ACTIVITY:
Every line below from the one with "Из наблюдений. Плак или Квак" through the one with "8b44f84d-6f7a-4ffb-8413-1690c3987b44" is to be repeated exactly, with no picture among them.

────────

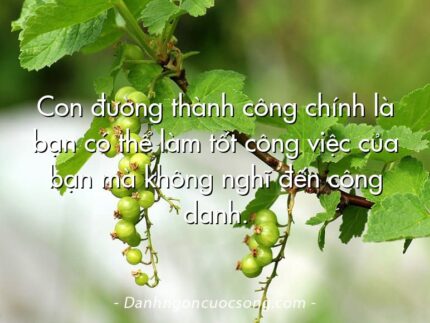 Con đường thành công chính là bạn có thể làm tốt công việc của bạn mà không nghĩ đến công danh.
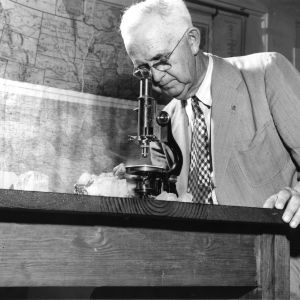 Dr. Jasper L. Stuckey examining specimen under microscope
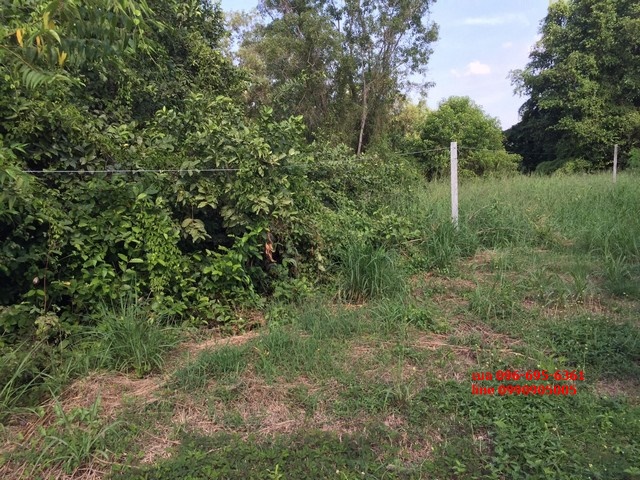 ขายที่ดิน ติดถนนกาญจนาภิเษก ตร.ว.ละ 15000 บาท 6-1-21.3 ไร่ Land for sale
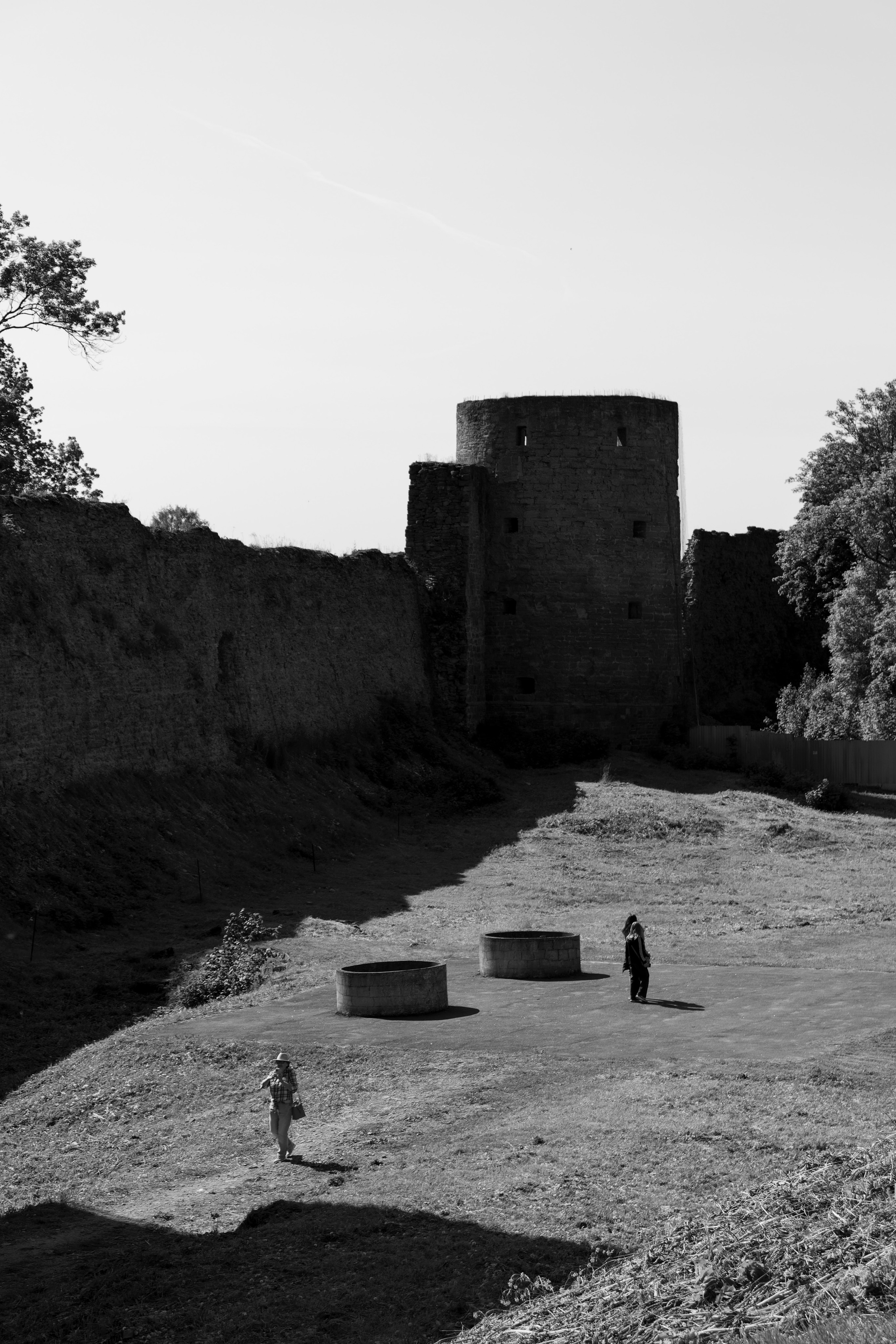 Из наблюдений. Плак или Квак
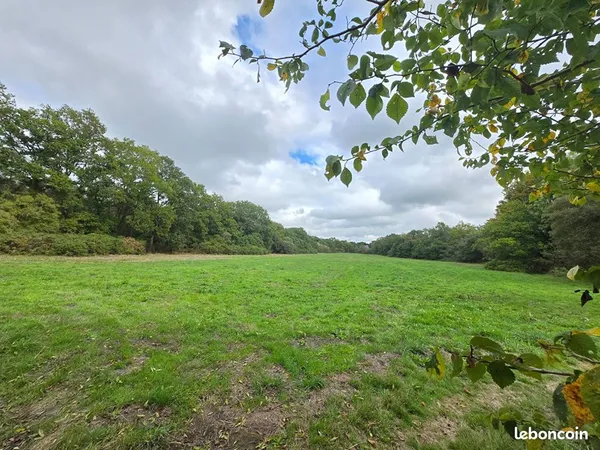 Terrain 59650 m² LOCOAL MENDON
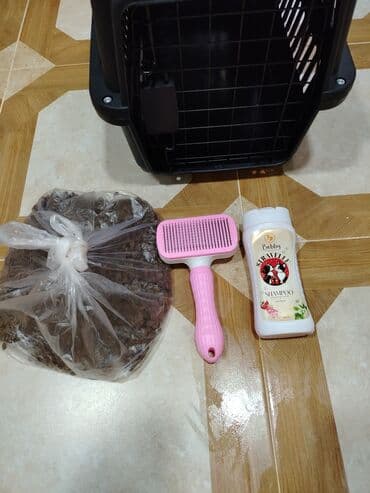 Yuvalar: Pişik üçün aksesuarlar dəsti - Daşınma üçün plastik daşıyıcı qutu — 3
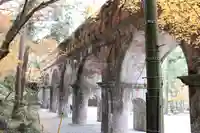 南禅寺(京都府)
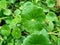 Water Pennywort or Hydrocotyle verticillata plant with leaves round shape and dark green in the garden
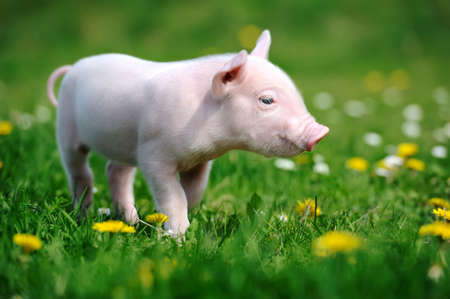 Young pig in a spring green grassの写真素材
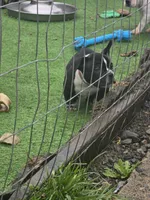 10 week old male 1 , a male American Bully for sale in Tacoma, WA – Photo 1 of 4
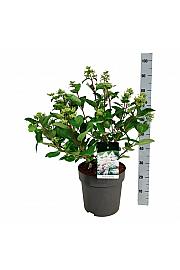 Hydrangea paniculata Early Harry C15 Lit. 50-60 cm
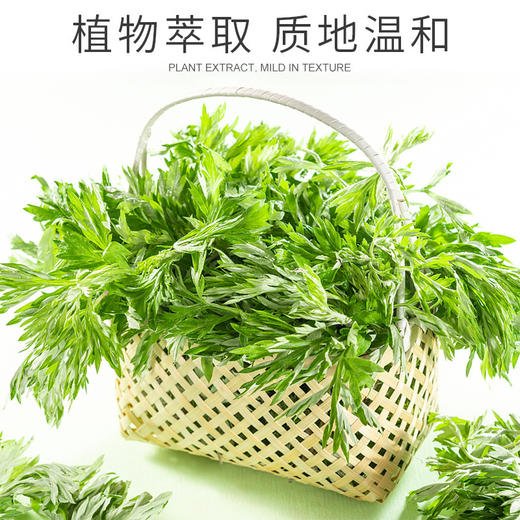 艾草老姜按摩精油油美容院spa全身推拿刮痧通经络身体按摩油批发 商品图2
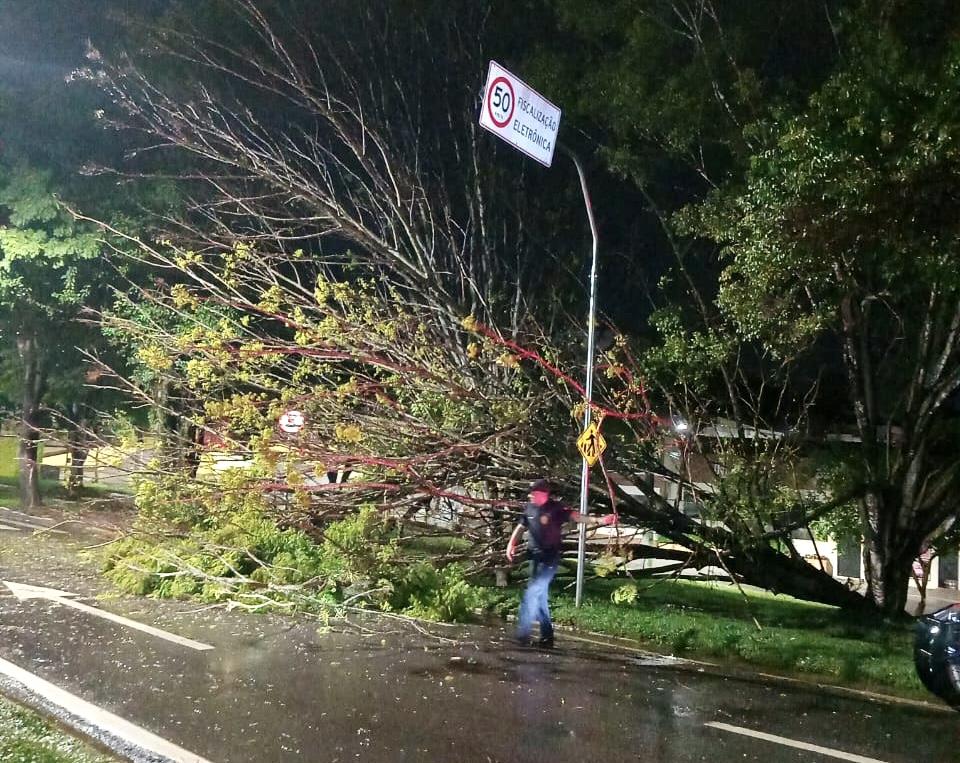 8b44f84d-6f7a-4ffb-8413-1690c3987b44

────────

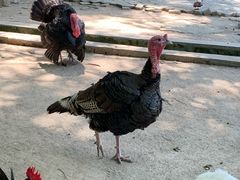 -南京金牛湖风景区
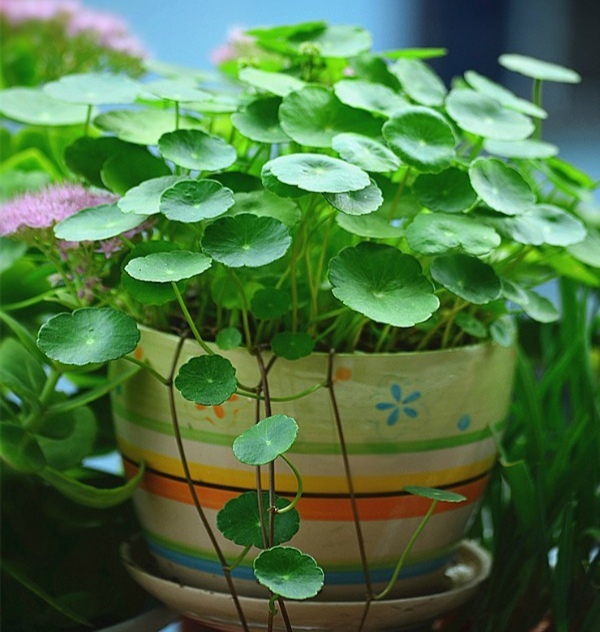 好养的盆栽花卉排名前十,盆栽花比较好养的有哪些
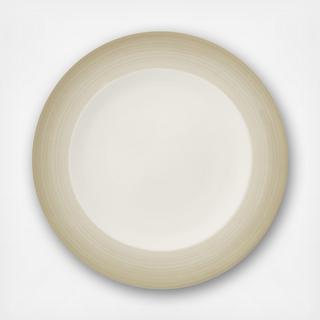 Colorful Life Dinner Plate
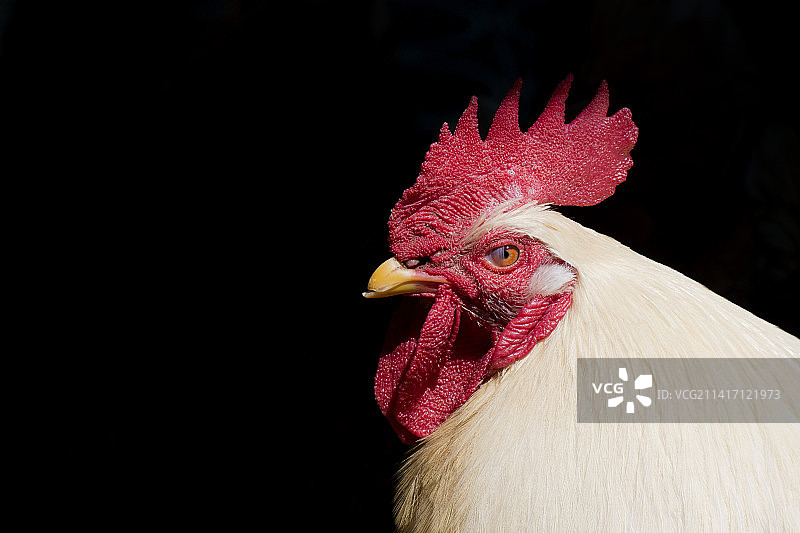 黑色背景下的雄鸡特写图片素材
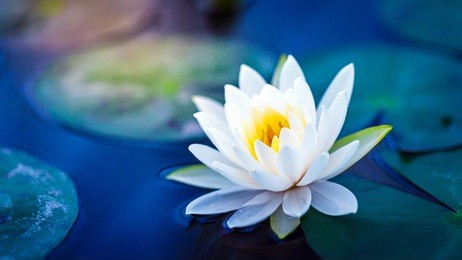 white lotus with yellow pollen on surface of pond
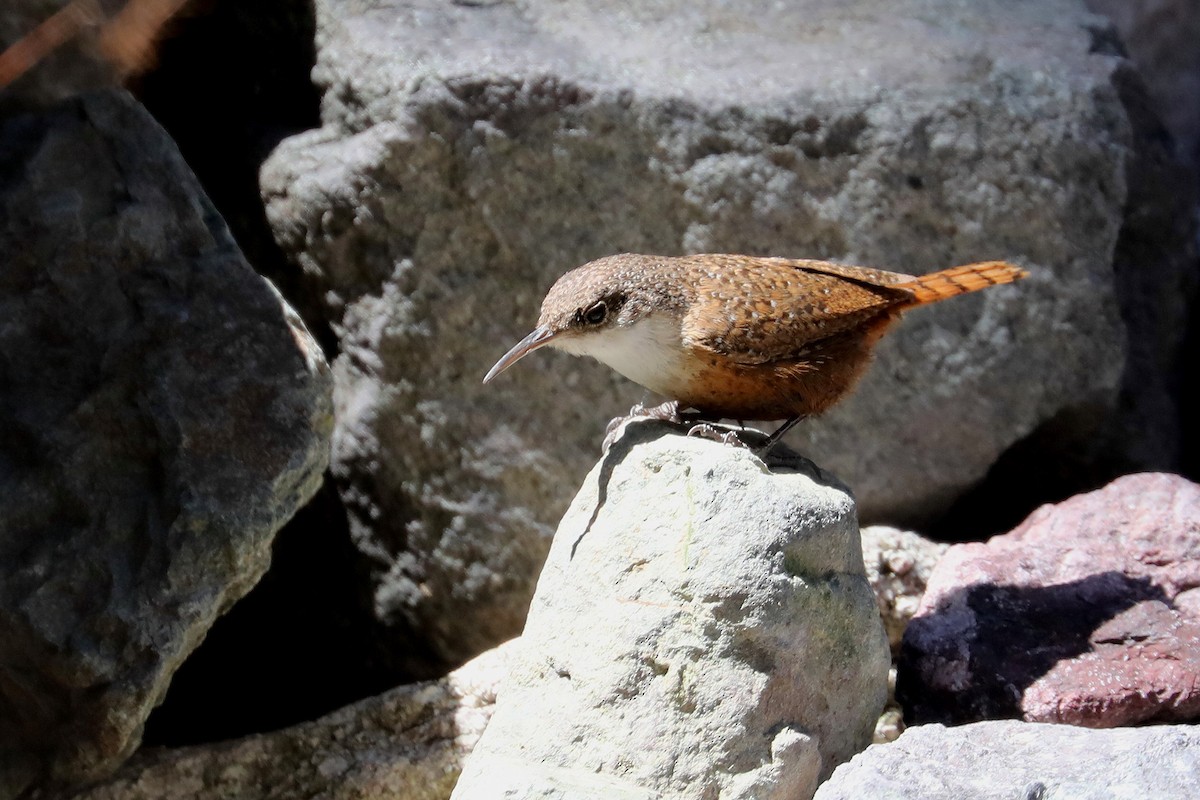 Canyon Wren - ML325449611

────────

ANSWER TO THIS EXERCISE:
 Из наблюдений. Плак или Квак
 Terrain 59650 m² LOCOAL MENDON
 Yuvalar: Pişik üçün aksesuarlar dəsti - Daşınma üçün plastik daşıyıcı qutu — 3
 南禅寺(京都府)
 Water Pennywort or Hydrocotyle verticillata plant with leaves round shape and dark green in the garden
 Young pig in a spring green grassの写真素材
 10 week old male 1 , a male American Bully for sale in Tacoma, WA – Photo 1 of 4
 Hydrangea paniculata Early Harry C15 Lit. 50-60 cm
 艾草老姜按摩精油油美容院spa全身推拿刮痧通经络身体按摩油批发 商品图2
 8b44f84d-6f7a-4ffb-8413-1690c3987b44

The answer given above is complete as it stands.